5.6.10 | In the digital world, two things are often accepted as fact: 1) boys are more tech savvy than girls; and 2) the internet is a big scary place from which children need protection.
What is rarely considered, however, is that there may be a link between the two. It might just be that our efforts to protect children from online predators are overly focused on girls, which, in turn, leaves them more shy about engaging with the digital world in the way boys do.
In two recent studies, Northwestern University communications professor Eszter Hargittai has found that even when accounting for “digital literacy,” gender still matters when it comes to digital prowess. She has found, for example, that young women share less content (for example, video and music) online than their male counterparts, and that men consistently perceive their technical skills to be greater than most women judge their own to be.

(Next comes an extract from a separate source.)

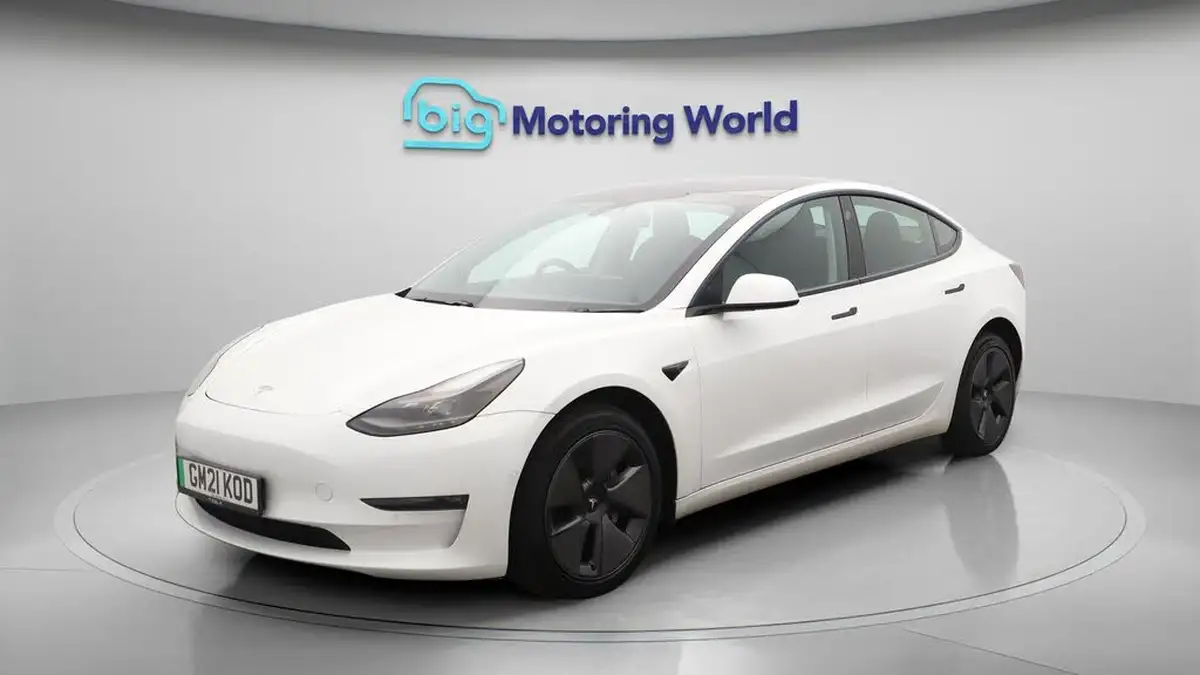 2021-tesla-model-3-e-long-range-4x4-big-3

The same patterns were borne out in her most recent study, “Digital Na[t]ives? Variation in Internet Skills and Uses Among Members of the ‘Net Generation.’” Hargittai studied male and female freshmen at the University of Illinois at Chicago and found that young women were significantly less varied in the content they viewed online. They also lagged behind when it came to time spent on the internet, number of places they accessed the internet and in self-reported skill scores.
Why the difference?
“I wish we knew,” Hargittai says.
She does offer some possible reasons, including the moral panic about safety online.
“Are parents more strict about limiting their daughters’ access to certain sites or services? That could be going on,” Hargittai says.
Another possibility is related to self-confidence. Anonymity allows people to be cruel or rude to those who write on blogs or post videos online. Girls, she says, might avoid sharing content out of concern that they will receive negative feedback.
Whether or not either explains the numbers, Hargittai notes that we can learn lessons from the data about how to address gender differences.
“It’s really important in the family or in the classroom that we encourage everybody, and that we’re not freaking them out,” says Hargittai. “It’s important to educate kids about being careful, but it’s not reasonable to put more of that on girls. It’s about educating parents about the realistic risks – but also about the benefits.”